*ACTIVITY*: Output the data that follows exactly, line for line.

━━━ MATERIAL FOR THIS TASK

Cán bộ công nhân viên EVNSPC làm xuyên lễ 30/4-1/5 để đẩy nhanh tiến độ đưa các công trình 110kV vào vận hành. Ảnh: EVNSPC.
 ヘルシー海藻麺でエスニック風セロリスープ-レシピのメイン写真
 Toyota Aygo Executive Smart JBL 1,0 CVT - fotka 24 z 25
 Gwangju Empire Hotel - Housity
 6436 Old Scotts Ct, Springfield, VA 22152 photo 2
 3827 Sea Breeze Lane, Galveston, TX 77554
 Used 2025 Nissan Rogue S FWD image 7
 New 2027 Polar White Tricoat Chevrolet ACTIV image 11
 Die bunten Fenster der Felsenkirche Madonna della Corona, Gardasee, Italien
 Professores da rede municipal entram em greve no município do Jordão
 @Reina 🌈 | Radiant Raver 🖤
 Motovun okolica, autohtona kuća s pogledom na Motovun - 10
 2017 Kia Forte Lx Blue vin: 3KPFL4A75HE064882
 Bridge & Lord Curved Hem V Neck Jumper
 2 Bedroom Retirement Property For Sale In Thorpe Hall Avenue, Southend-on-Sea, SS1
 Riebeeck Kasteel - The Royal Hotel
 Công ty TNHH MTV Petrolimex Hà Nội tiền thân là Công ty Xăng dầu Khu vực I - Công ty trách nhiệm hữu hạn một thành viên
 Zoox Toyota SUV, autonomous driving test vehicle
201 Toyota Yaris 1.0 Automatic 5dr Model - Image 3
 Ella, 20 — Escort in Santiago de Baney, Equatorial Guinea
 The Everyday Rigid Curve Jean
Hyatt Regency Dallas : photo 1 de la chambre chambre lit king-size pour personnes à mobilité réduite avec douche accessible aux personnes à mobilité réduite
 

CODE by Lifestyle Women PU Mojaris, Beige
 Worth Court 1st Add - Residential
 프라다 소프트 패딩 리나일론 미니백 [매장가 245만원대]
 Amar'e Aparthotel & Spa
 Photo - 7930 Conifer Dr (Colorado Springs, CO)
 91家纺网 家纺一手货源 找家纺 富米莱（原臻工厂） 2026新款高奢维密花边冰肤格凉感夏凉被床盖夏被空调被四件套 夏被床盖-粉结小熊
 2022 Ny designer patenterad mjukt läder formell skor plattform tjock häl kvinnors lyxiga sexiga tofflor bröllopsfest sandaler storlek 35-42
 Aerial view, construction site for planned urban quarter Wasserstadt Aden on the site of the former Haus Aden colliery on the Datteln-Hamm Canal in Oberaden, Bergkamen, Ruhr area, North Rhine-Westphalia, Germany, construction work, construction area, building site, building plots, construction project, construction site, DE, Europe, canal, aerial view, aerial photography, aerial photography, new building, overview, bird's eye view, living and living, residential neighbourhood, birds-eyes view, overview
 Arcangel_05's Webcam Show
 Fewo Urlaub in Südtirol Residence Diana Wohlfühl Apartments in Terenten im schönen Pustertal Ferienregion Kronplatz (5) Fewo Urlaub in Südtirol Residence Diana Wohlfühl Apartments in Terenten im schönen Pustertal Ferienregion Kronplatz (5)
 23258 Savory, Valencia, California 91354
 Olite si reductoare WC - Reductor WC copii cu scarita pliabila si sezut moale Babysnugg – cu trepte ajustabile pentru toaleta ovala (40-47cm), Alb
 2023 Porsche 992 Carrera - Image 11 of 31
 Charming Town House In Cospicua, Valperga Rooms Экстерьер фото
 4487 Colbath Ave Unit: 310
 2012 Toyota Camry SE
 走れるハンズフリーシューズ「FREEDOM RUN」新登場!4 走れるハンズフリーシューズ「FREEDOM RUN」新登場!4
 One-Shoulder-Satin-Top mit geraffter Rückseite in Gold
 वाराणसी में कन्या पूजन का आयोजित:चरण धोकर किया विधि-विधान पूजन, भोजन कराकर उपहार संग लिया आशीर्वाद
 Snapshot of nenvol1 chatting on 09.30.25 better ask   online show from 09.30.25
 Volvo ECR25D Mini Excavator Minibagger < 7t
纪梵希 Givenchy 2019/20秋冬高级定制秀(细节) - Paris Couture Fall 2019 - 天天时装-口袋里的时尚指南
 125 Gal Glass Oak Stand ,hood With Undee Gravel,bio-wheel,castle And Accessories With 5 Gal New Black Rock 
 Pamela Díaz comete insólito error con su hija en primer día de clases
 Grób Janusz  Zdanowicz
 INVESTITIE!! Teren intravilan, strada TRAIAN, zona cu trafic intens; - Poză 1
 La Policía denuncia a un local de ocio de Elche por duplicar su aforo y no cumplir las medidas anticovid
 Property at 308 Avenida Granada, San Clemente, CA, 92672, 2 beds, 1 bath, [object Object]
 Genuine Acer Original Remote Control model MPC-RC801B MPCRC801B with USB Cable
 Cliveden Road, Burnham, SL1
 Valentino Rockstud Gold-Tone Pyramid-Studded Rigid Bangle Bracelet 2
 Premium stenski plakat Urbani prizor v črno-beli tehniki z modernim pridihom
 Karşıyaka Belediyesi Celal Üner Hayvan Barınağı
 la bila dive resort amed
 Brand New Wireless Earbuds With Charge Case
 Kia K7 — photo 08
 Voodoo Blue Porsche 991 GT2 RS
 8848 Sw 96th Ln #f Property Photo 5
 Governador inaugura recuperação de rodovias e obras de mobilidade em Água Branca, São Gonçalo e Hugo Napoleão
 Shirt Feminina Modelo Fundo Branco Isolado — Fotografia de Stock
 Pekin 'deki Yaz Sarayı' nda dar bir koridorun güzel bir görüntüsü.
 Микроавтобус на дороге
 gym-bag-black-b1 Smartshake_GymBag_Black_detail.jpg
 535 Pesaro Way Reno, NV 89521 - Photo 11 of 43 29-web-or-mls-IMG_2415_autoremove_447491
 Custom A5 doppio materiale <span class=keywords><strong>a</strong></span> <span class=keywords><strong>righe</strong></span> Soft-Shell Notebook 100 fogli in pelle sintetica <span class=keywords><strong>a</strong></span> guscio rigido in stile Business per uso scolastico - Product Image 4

━━━━━━

*SOLVED PROBLEM*:
Cán bộ công nhân viên EVNSPC làm xuyên lễ 30/4-1/5 để đẩy nhanh tiến độ đưa các công trình 110kV vào vận hành. Ảnh: EVNSPC.
 ヘルシー海藻麺でエスニック風セロリスープ-レシピのメイン写真
 Toyota Aygo Executive Smart JBL 1,0 CVT - fotka 24 z 25
 Gwangju Empire Hotel - Housity
 6436 Old Scotts Ct, Springfield, VA 22152 photo 2
 3827 Sea Breeze Lane, Galveston, TX 77554
 Used 2025 Nissan Rogue S FWD image 7
 New 2027 Polar White Tricoat Chevrolet ACTIV image 11
 Die bunten Fenster der Felsenkirche Madonna della Corona, Gardasee, Italien
 Professores da rede municipal entram em greve no município do Jordão
 @Reina 🌈 | Radiant Raver 🖤
 Motovun okolica, autohtona kuća s pogledom na Motovun - 10
 2017 Kia Forte Lx Blue vin: 3KPFL4A75HE064882
 Bridge & Lord Curved Hem V Neck Jumper
 2 Bedroom Retirement Property For Sale In Thorpe Hall Avenue, Southend-on-Sea, SS1
 Riebeeck Kasteel - The Royal Hotel
 Công ty TNHH MTV Petrolimex Hà Nội tiền thân là Công ty Xăng dầu Khu vực I - Công ty trách nhiệm hữu hạn một thành viên
 Zoox Toyota SUV, autonomous driving test vehicle
201 Toyota Yaris 1.0 Automatic 5dr Model - Image 3
 Ella, 20 — Escort in Santiago de Baney, Equatorial Guinea
 The Everyday Rigid Curve Jean
Hyatt Regency Dallas : photo 1 de la chambre chambre lit king-size pour personnes à mobilité réduite avec douche accessible aux personnes à mobilité réduite
 

CODE by Lifestyle Women PU Mojaris, Beige
 Worth Court 1st Add - Residential
 프라다 소프트 패딩 리나일론 미니백 [매장가 245만원대]
 Amar'e Aparthotel & Spa
 Photo - 7930 Conifer Dr (Colorado Springs, CO)
 91家纺网 家纺一手货源 找家纺 富米莱（原臻工厂） 2026新款高奢维密花边冰肤格凉感夏凉被床盖夏被空调被四件套 夏被床盖-粉结小熊
 2022 Ny designer patenterad mjukt läder formell skor plattform tjock häl kvinnors lyxiga sexiga tofflor bröllopsfest sandaler storlek 35-42
 Aerial view, construction site for planned urban quarter Wasserstadt Aden on the site of the former Haus Aden colliery on the Datteln-Hamm Canal in Oberaden, Bergkamen, Ruhr area, North Rhine-Westphalia, Germany, construction work, construction area, building site, building plots, construction project, construction site, DE, Europe, canal, aerial view, aerial photography, aerial photography, new building, overview, bird's eye view, living and living, residential neighbourhood, birds-eyes view, overview
 Arcangel_05's Webcam Show
 Fewo Urlaub in Südtirol Residence Diana Wohlfühl Apartments in Terenten im schönen Pustertal Ferienregion Kronplatz (5) Fewo Urlaub in Südtirol Residence Diana Wohlfühl Apartments in Terenten im schönen Pustertal Ferienregion Kronplatz (5)
 23258 Savory, Valencia, California 91354
 Olite si reductoare WC - Reductor WC copii cu scarita pliabila si sezut moale Babysnugg – cu trepte ajustabile pentru toaleta ovala (40-47cm), Alb
 2023 Porsche 992 Carrera - Image 11 of 31
 Charming Town House In Cospicua, Valperga Rooms Экстерьер фото
 4487 Colbath Ave Unit: 310
 2012 Toyota Camry SE
 走れるハンズフリーシューズ「FREEDOM RUN」新登場!4 走れるハンズフリーシューズ「FREEDOM RUN」新登場!4
 One-Shoulder-Satin-Top mit geraffter Rückseite in Gold
 वाराणसी में कन्या पूजन का आयोजित:चरण धोकर किया विधि-विधान पूजन, भोजन कराकर उपहार संग लिया आशीर्वाद
 Snapshot of nenvol1 chatting on 09.30.25 better ask   online show from 09.30.25
 Volvo ECR25D Mini Excavator Minibagger < 7t
纪梵希 Givenchy 2019/20秋冬高级定制秀(细节) - Paris Couture Fall 2019 - 天天时装-口袋里的时尚指南
 125 Gal Glass Oak Stand ,hood With Undee Gravel,bio-wheel,castle And Accessories With 5 Gal New Black Rock 
 Pamela Díaz comete insólito error con su hija en primer día de clases
 Grób Janusz  Zdanowicz
 INVESTITIE!! Teren intravilan, strada TRAIAN, zona cu trafic intens; - Poză 1
 La Policía denuncia a un local de ocio de Elche por duplicar su aforo y no cumplir las medidas anticovid
 Property at 308 Avenida Granada, San Clemente, CA, 92672, 2 beds, 1 bath, [object Object]
 Genuine Acer Original Remote Control model MPC-RC801B MPCRC801B with USB Cable
 Cliveden Road, Burnham, SL1
 Valentino Rockstud Gold-Tone Pyramid-Studded Rigid Bangle Bracelet 2
 Premium stenski plakat Urbani prizor v črno-beli tehniki z modernim pridihom
 Karşıyaka Belediyesi Celal Üner Hayvan Barınağı
 la bila dive resort amed
 Brand New Wireless Earbuds With Charge Case
 Kia K7 — photo 08
 Voodoo Blue Porsche 991 GT2 RS
 8848 Sw 96th Ln #f Property Photo 5
 Governador inaugura recuperação de rodovias e obras de mobilidade em Água Branca, São Gonçalo e Hugo Napoleão
 Shirt Feminina Modelo Fundo Branco Isolado — Fotografia de Stock
 Pekin 'deki Yaz Sarayı' nda dar bir koridorun güzel bir görüntüsü.
 Микроавтобус на дороге
 gym-bag-black-b1 Smartshake_GymBag_Black_detail.jpg
 535 Pesaro Way Reno, NV 89521 - Photo 11 of 43 29-web-or-mls-IMG_2415_autoremove_447491
 Custom A5 doppio materiale <span class=keywords><strong>a</strong></span> <span class=keywords><strong>righe</strong></span> Soft-Shell Notebook 100 fogli in pelle sintetica <span class=keywords><strong>a</strong></span> guscio rigido in stile Business per uso scolastico - Product Image 4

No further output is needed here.